Their unsettled techs become your recruiting class, and the best ones move in the first year, not the fifth. And their identity gets blurry at exactly the moment yours gets sharper, because “locally owned, the owner still picks up” stops being wallpaper and becomes the single clearest difference between you and the shop across town with the familiar name and the new playbook. You don’t have to say a word about who owns them. The homeowner notices on her own when the tune-up turns into a pitch.

None of this is automatic. An independent with 47-minute speed to lead and an unmanaged LSA profile collects none of it. The windows open either way. Whether anything comes through them is an operations question, which brings us to the playbook.
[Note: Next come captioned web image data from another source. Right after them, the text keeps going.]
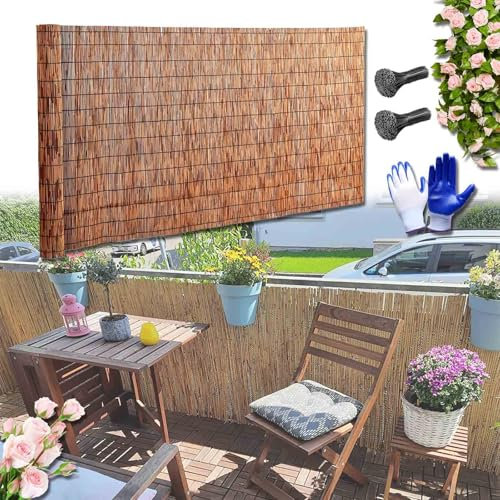 Rouleaux De Clôtures en Roseau 80cm À 1500cm Longueur Canisse Bambou Clôture en Roseau Décorative Extérieur 30cm À 180cm Hauteur Couverture De Protection Contre Le Vent Et Le Soleil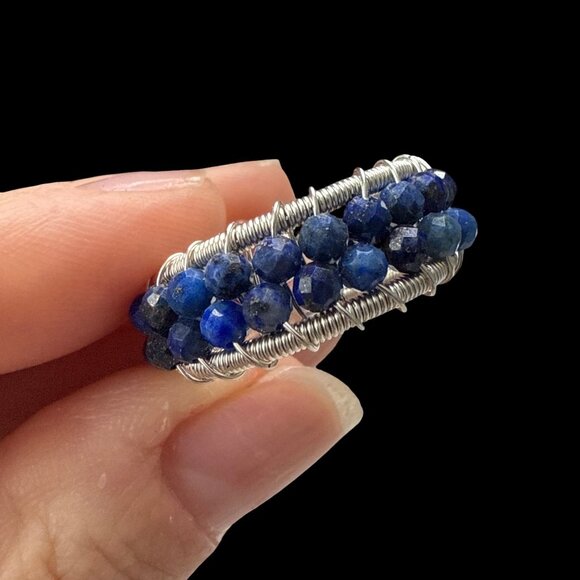 **SOLD**Lapis Lazuli Blue faceted beaded ring gemstone jewelry silver wire - Picture 7 of 8
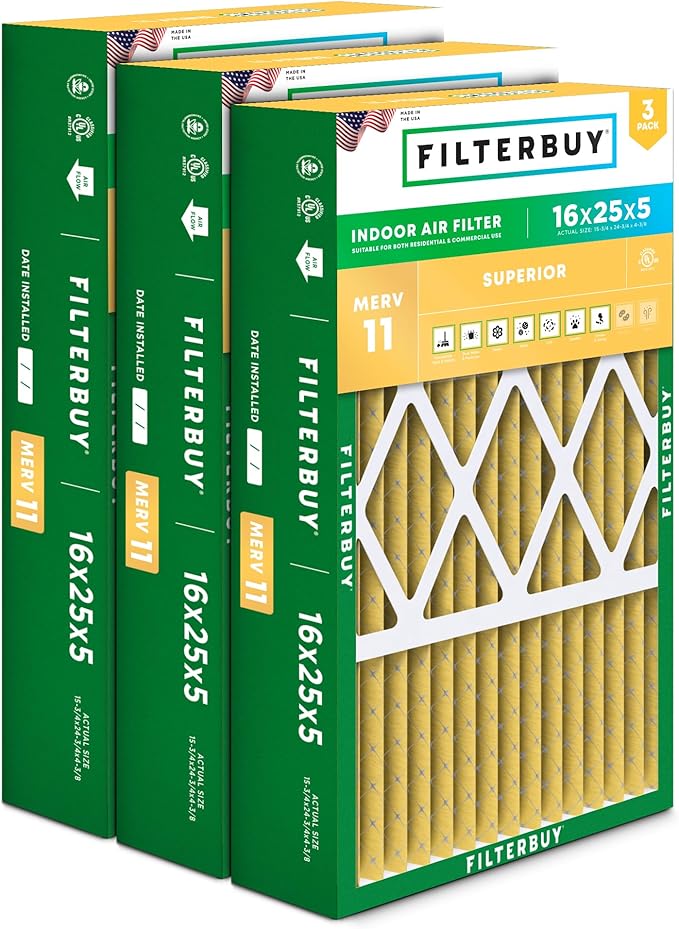 Filterbuy 16x25x5 Air Filter MERV 11 (MPR 1200) Allergen Defense (3-Pack), Pleated HVAC AC Furnace Filters for Honeywell FC100A1029, Lennox X6670, Carrier, & More (Actual Size: 15.75 x 24.75 x 4.38)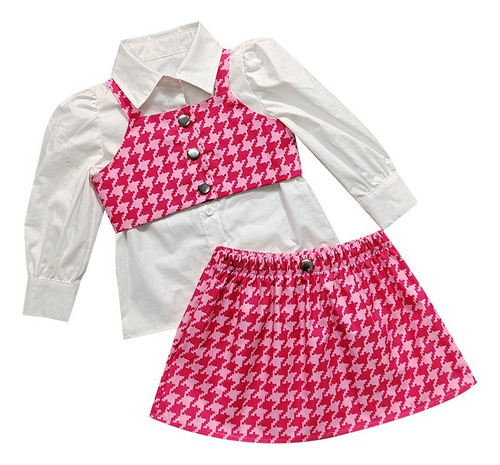 Traje De Moda Otoño/invierno A Cuadros Para Niña (2-7 Años)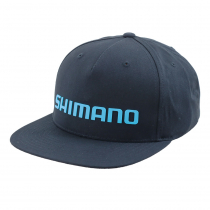 Shimano Flat Peak Blue Rubberised Logo Cap Black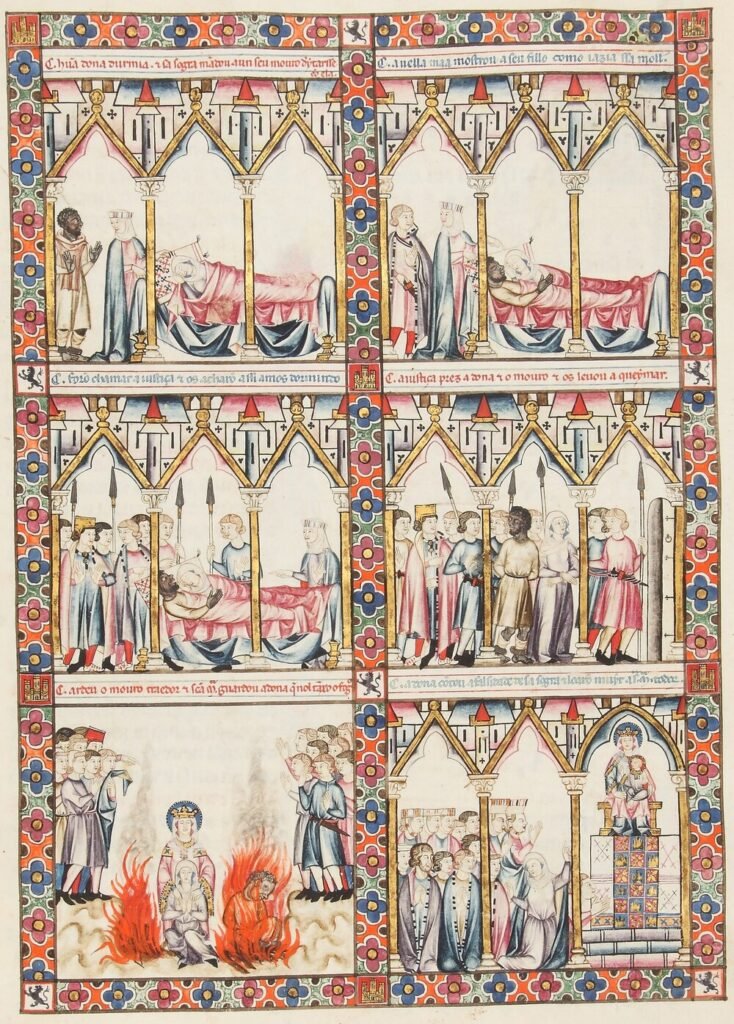 Cantigas de Santa María (1284). Negro musulmán arrestado y quemado vivo por tener sexo con mujer cristiana blanca. Ella se salva por un milagro de la Virgen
What the data says to do with the back half of 2026

So how does an independent beat doubled prices and platform competition in the same year? With the same playbook, because they’re the same fight: both come down to running a tighter operation than the math your competitors are stuck with. It has three moves, and none of them are glamorous.

Run repair like it’s a profit center, because it is one now. At a third of revenue and climbing, repair stopped being the loss leader you tolerate between installs. Dispatch efficiency, repair pricing discipline, and first-visit completion rates are margin drivers this year.

And with the federal urgency lever gone, the repair call is also the only honest replacement pipeline you have left. The tech standing in front of a 19-year-old condenser is your best marketing channel, if he’s equipped to start that conversation instead of just clearing the ticket.

Build your incentive answer sheet before the homeowner asks. One afternoon: list every state rebate, utility program, and financing option live in your service area, by city, with current numbers. Train it. Most of your competitors won’t bother, because it’s boring. Boring and accurate beats enthusiastic and wrong in every market we’ve ever looked at.

Choose density over distance. In a softer demand year with acquisition costs up, route density and repeat-customer economics beat planting a flag two counties over. The math on geographic expansion still works in specific situations, but it works because the operator went in with a plan, not because the map looked empty.

One more, whether or not you ever take a meeting: know your number. Add-ons trading at 4 to 8 times EBITDA means every point of margin you add this year compounds twice, once in the P&L and once in what the business is worth. Running the company like someone might buy it someday is indistinguishable from running it well.

The spreadsheet can’t see you

Everything in that analyst’s model is true. The housing stock really is aging. The incomes really do support premium tickets. The shipment curves point where they point. And none of it knows which dispatcher answers your phones at 6am, whose yard signs sit in which neighborhoods, or who gets greeted by name at the supply house counter.

The data describes the market. It cannot see the operator. That gap is the real state of the HVAC industry in 2026: the buyer is betting the data is enough, and you’re betting it isn’t. One of you is right, and it gets decided one service call at a time.